Sharing and Promoting Ideas
- bobbybarber
- Sep 4, 2014
- 2 min read
Today's prompt from Te@chThought: "Discuss one “observation” area that you would like to improve on for your teacher evaluation."
Our school currently uses the McREL evaluation instrument which rates each standard on a 1-4 scale: developing, proficient, accomplished, and distinguished. I didn't really have one glaringly weak area on my evaluations last year, but I did notice that there were a handful of standards where I was rated accomplished that had a common thread. I noticed I could improve a lot of areas by focusing on sharing. A lot of the standards were things I felt I did really well, some of them I thought I excelled at, but I wasn't getting the highest rating possible. After looking over the rubric, I agreed with my evaluation 100%. I was doing really great in some areas, but I was keeping my methods to myself. If we want to make real change, we have to look beyond our classroom. I see between 80 and 120 students in my math classes each year, depending on my courses and class sizes. Our school graduated about 460 students last year, meaning there are more than 1800 at the secondary level. If I do something well and my students benefit from it, why shouldn't I promote that to my colleagues so their students can benefit too. Even if someone wanted to look at this from a selfish standpoint, sharing an idea will benefit that person too. When someone else takes your idea and modifies it and improves upon it, now you will have a better version of your original to use with your students.

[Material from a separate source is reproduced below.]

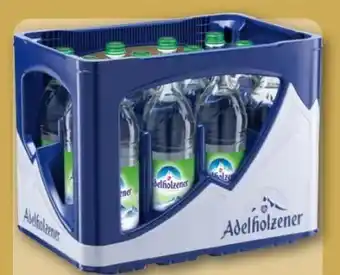 REWE Center Adelholzener Mineralwasser Angebot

I want to spend time this year sharing my successes with not only the people in the math department, but in other departments if I feel it would work for them. Not only do I want to share, but I want to steal their ideas too. I would love to see our department meeting go from boring laundry lists of things to do and being talked at to either doing or watching someone else do a great lesson or mini-lesson that worked for the students. If this happened, everyone in our department could share and steal and all the kids would benefit.